Most Republicans Want Trump 2024, Other Candidates To Agree With Him: Poll – Newsweek
Most Republican voters want former President Donald Trump to run for the White House again in 2024, or at least want the winner of the GOP primary to mostly agree with him on policy issues.
A new poll from Quinnipiac University found that two-thirds of Republican voters (66 percent) said they would like Trump to run for the presidency in 2024, while only 30 percent were opposed to the idea.
Among all American voters, the results were reversed. Sixty-six percent said they didn’t want Trump to run again, and three in ten told pollsters they wanted him to have another go.
When asked whether they wanted GOP candidates to agree with the former president, 85 percent of Republican voters agreed that candidates should be Trumpian on policy.
The results indicate that there is more support for Trump-era policies among the Republican base than there is for the man himself.

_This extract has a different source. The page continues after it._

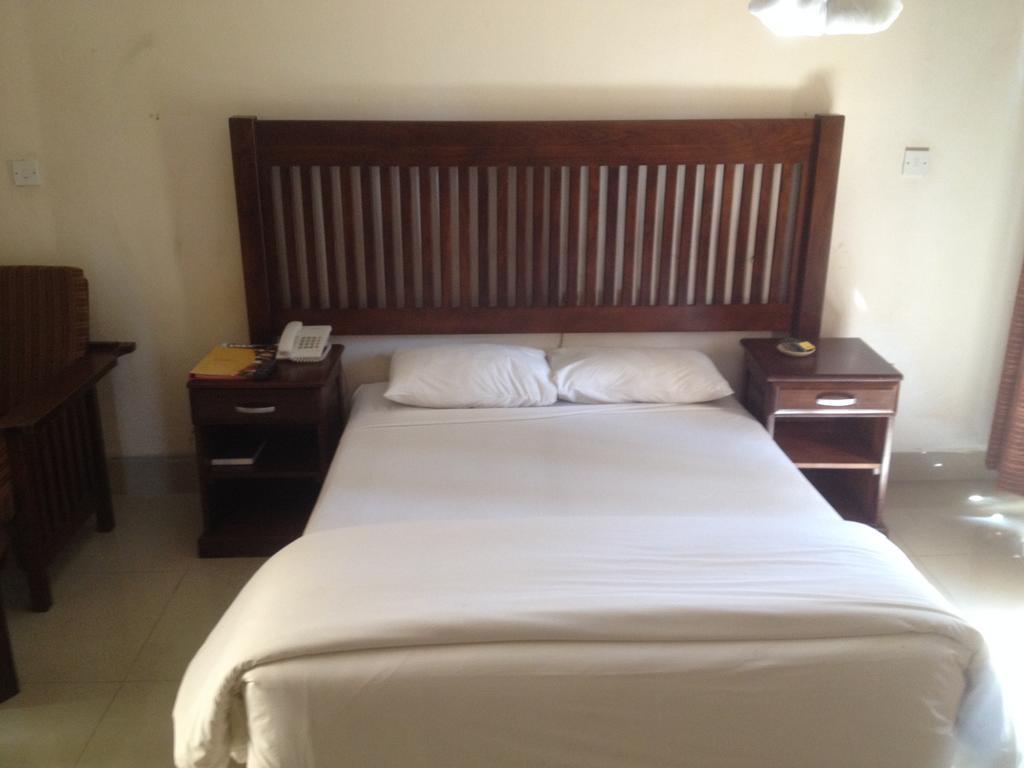 Kadoma Hotel & Conference Centre Экстерьер фото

“The numbers fly in the face of any predictions that Donald Trump’s political future is in decline,” the Quinnipiac poll analyst Tim Malloy said in a statement. “By a substantial majority, Republicans: (1) believe the election was stolen from him, (2) want Trump to run again, and (3), if they can’t vote for Trump, prefer someone who agrees with him.”
Two-thirds of Republicans said they believed President Joe Biden‘s election victory was illegitimate, and only a quarter told pollsters they believed his win was legitimate.

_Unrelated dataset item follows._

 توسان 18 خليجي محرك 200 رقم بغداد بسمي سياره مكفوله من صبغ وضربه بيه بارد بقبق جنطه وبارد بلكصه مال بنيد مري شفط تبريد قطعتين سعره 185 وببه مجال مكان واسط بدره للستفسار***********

Asked for their opinion on Trump, most GOP voters (84 percent) said they had a favorable view of him, and a marginal 13 percent had an unfavorable view of their ex-party leader.
He later added that he would be “making a decision maybe before but possibly more likely right after” the 2022 midterm elections, and said he was focused on the coming battles for control of the House and Senate.
“We have the elections coming up, I’m focused on that, we want to get the House members in,” he said. “We can actually pick up a couple of senators but I want to focus on that.”
Thomas Gift, founding director of University College London’s Center on U.S. Politics, previously told Newsweekthat Trump’s delay in announcing his intentions for 2024 would tighten his grip on the Republican Party amid its ongoing civil war.
“The longer he holds out making a decision, the more the anticipation around his candidacy grows, the more ability he has to play kingmaker within the party for the 2022 midterms,” he said.